Man Cave certainly has a scare factor. Upon reading the premise, my initial reaction was that it was a comedy, that almost seems an unfair description. What feelings were you trying to evoke with Man Cave?

No, it’s funny, too! There is a lot of humor and laughter in the play. It isn’t a comedy per se, but levity and lightness are always a big part of my work. I know it’s cliche to say, but my goal here really is to make you laugh, cry and scream all in one night.

The premise sounds quite subversive. What was your bigger picture here?

Often when Latina service workers are portrayed on stage, they’re not only servicing their employers, but are also often in service of a plot and a story that is not their own.
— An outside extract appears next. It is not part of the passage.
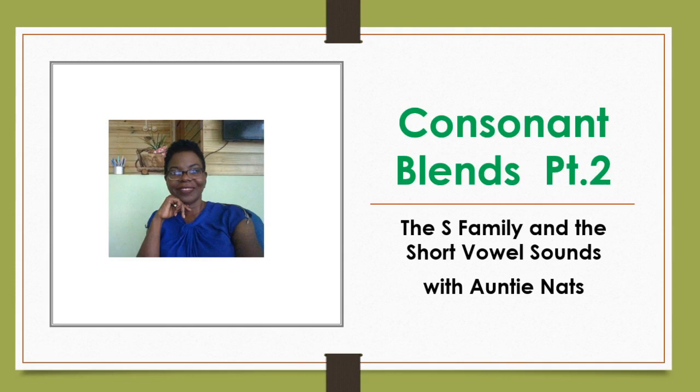Consonant Blends Part 2. We're blending the consonant blend, the S family, with the short vowel sounds. And I am ready. Are you ready? I am so ready.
In this case, I wanted these four women to be the only voices in the room, dealing with nothing but their own immediate wants and needs.

Typically when you gather Latinx folks on stage, their designated purpose is often relegated to a spoon-feeding of their culture to predominantly white, American theatre audiences looking for an asuagement of guilt. That’s not happening in Man Cave. What is subversive about the play is its refusal to continue propping up a false monolith of Latinidad and to insist on a Latinx theatre that is no longer servicing a white gaze, but instead ignores it.

This is the second time for this play to be produced. Has it changed at all from its world premiere to today?

It has the same spirit, but it is certainly leaner and meaner. I was glad to do some additional work on the script between NYC and Dallas. Time clarifies. And I anticipate doing a little more work before the third production that goes into rehearsal later this year. Hopefully then I’ll be ready to move on from it!

As a queer Latin playwright, what’s important for you in the stories you create?

It is most important to me that I create queer and Latinx stories on stage that are treated with the same inevitability and cultural fluency as a straight white play. It’s problematic that our work is often considered niche or uninteresting when it doesn’t stew in its own exotica. These women aren’t going to talk to you about making tamales. I’d like us to start going back to Mexican restaurants for that.